Spain’s economic conditions have prompted Zapatero’s gov’t to adopt austerity measures that include the freezing on pensions and a 5% reduction of civil servant’s salaries. But in a clear contradiction with the austerity message Spain’s central bank is about to pay more than 10 billion euros ($12.9 billion) to merge the country’s savings banks. The process, which is being presented as part of a series of economic measures aimed at curbing the country’s gaping deficit and national debt, may push 50,000 bank workers into early retirement and a life of pensions.
Bloomberg points out that the process of consolidating Spain’s lenders means paying bankers to play golf.
A spokesman for labor policy at Convergencia i Unio, a pro-business Catalan party, referring to the prospect of the mass early retirements said the merger “Goes against the official message that people should actually work longer before retiring.”
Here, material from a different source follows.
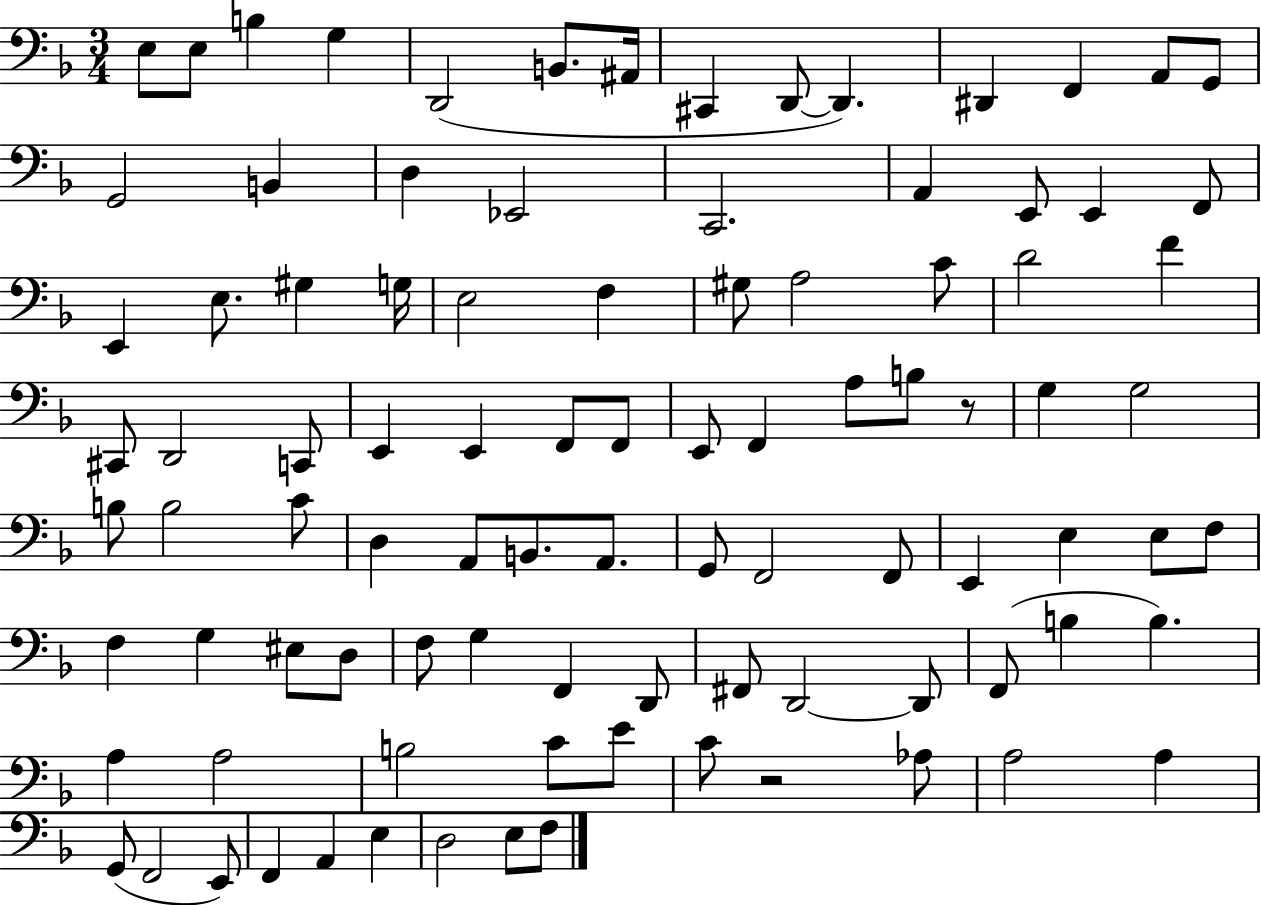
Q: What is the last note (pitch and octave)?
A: F3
Bberg: “The cajas [lenders] have long used early retirement to pare the workforce, a process that has been good for employees if expensive for the banks. Since a rule change in 2004, banks have had to charge their cost directly to earnings.
Ignacio Barragan, 64, has spent much of his time playing golf and tennis since retiring at 54 from Caja Madrid in 1999 after a 33-year career that took him to the rank of regional director. He’s been earning 100 percent of his salary ever since and expects his income to drop about 25 percent when he starts drawing state and private pensions in August.
“I chose to enjoy my hobbies and economically there was no obstacle to doing that,” Barragan said in a phone interview. “For me it was a great solution.”
The combination of Caixa Catalunya with Caixa Manresa and Caixa Tarragona, two other Catalan cajas, will allow workers 56 to 59 years old at get 85 percent of their salary plus a lump sum of 31,000 euros if they stop working.”